The bed creaked as it took his weight. The mattress stank of mold. He needed new furniture. Tear out the seventies shag. The woman flinched when he threw the covers off. Silvery hair. Smooth shining breasts. Large, dark nipples. Oh yeah. A songwriter; just another wannabe.
"Hey there," he said, and pushed her over on her back.
"I don't want to. You're too rough. I was asleep —"
"Nobody asked if you wanted to," he grunted, twisting a fist into her hair. Get them by the hair, they didn't fight long. Pulling her head back as his hand clapped between her legs and twisted. He set his knees and followed his fingers with his prick, driving it in with his full weight. She cried out and fought, striking his back with hard little fists. She connected with a lucky blow to his ear and he started to choke her, but restrained himself just in time.
Holding her down, his other hand over her mouth, Teddy Oberg plowed toward the only personal forgetting left. Knowing even as he triggered, pale neon lancing behind his eyes, that as soon as it was over, the images would return.
6:05 A.M., EST, PORTLAND, MAINE
Two Middle Eastern men check in to their flight to Boston, with a connection to LA. One, an Egyptian architect, sets off an automated screening system as a flight risk.

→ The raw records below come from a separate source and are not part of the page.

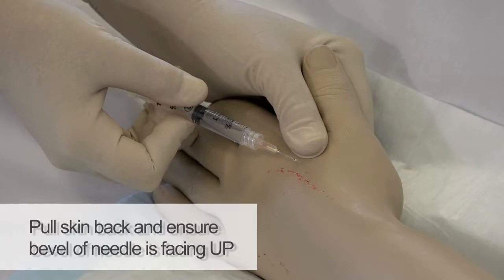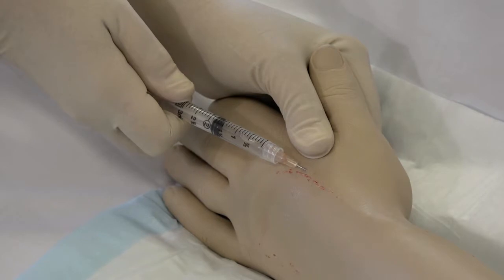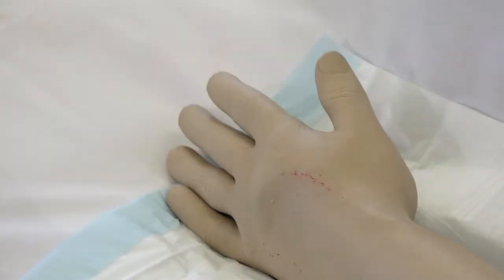Inject lignocaine superficially into the skin and administer approximately 0.1 of a ml until a small bump appears. Release the skin; the anaesthetised area will now sit over the top of the vein.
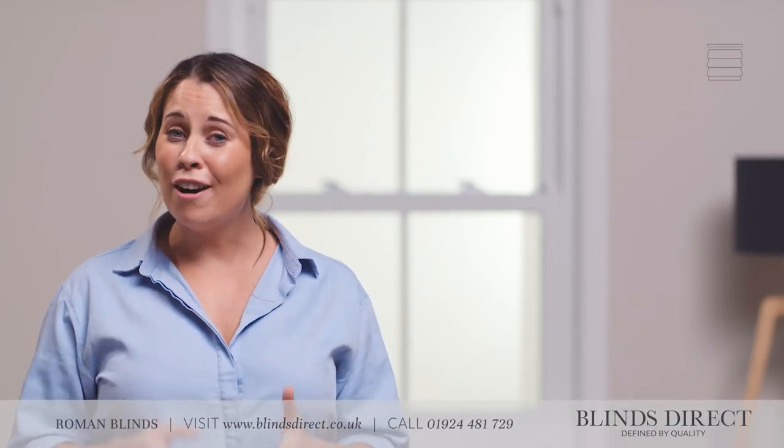Hi, I'm Jess. Once your new made-to-measure blinds have arrived, it's the exciting part — time to get them fitted and see just how fantastic they look in your home. Fitting your new Roman blind is simple and easy with BlindsDirect.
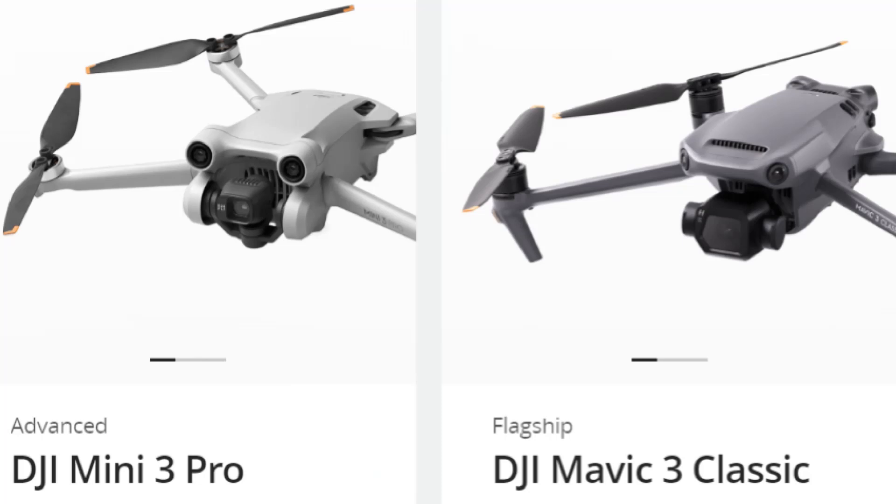I want to start by saying that I'm referring to small unmanned aircraft systems like the DJI Mini or Mavic, etc. — drones that are under 55 pounds, or truly under 5 or 10 pounds. So what types of things might someone want to attach to a small drone?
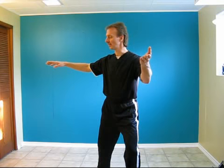Bend the right knee, shift the weight back. Lift the left foot up, and the left hand fingers are pointing up. Bring the right hand over top of the left. Now bring the right hand so that the fingers are pointing down, and slide up the left heel. Shift to the left. Step with the left, 45 degrees, then bring the weight to the left leg.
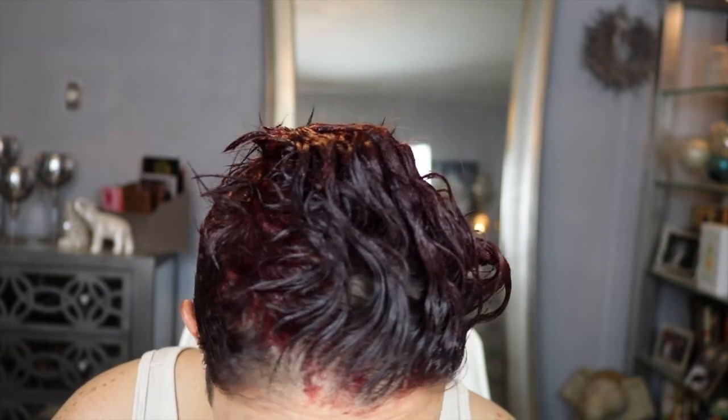After I wash this loveliness out of my hair, we're gonna come back and talk about how it looks with my new hair color. I've got very interesting bits on my face — I really think it's from the hair color. I'll be back momentarily to show you how it looks with my new hair color.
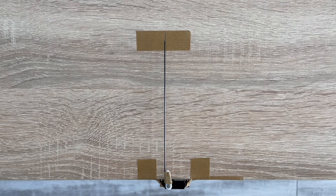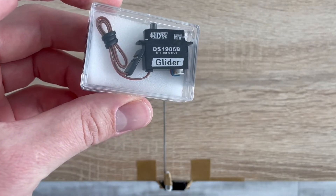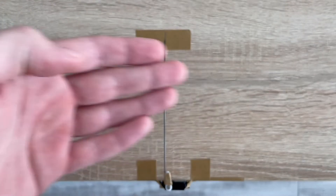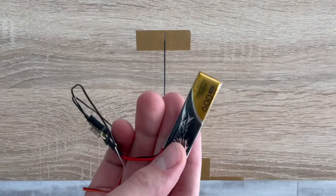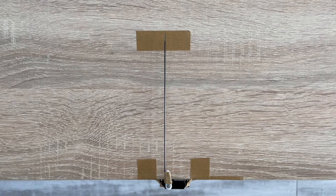Hello everyone, welcome to another video where we test the performance of different glider servos — microservos that you can install in your DLG gliders. Today on the test I have a GDV HVDS1906B digital glider servo. As usual, we're testing with a 1S LiPo — 600 milliamps — and in our case the battery is right now at 3.8 volts. Let's see how this servo performs.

Security holds his bags until they confirm he's actually boarded.
In Boston, one flier takes a cell call from a traveler at Logan waiting to board another aircraft. As he and other men check in for the next flight, the security system flags more of them. Again, the security people hold their bags. But they all pass through the metal detectors and security checkpoints and quietly enplane.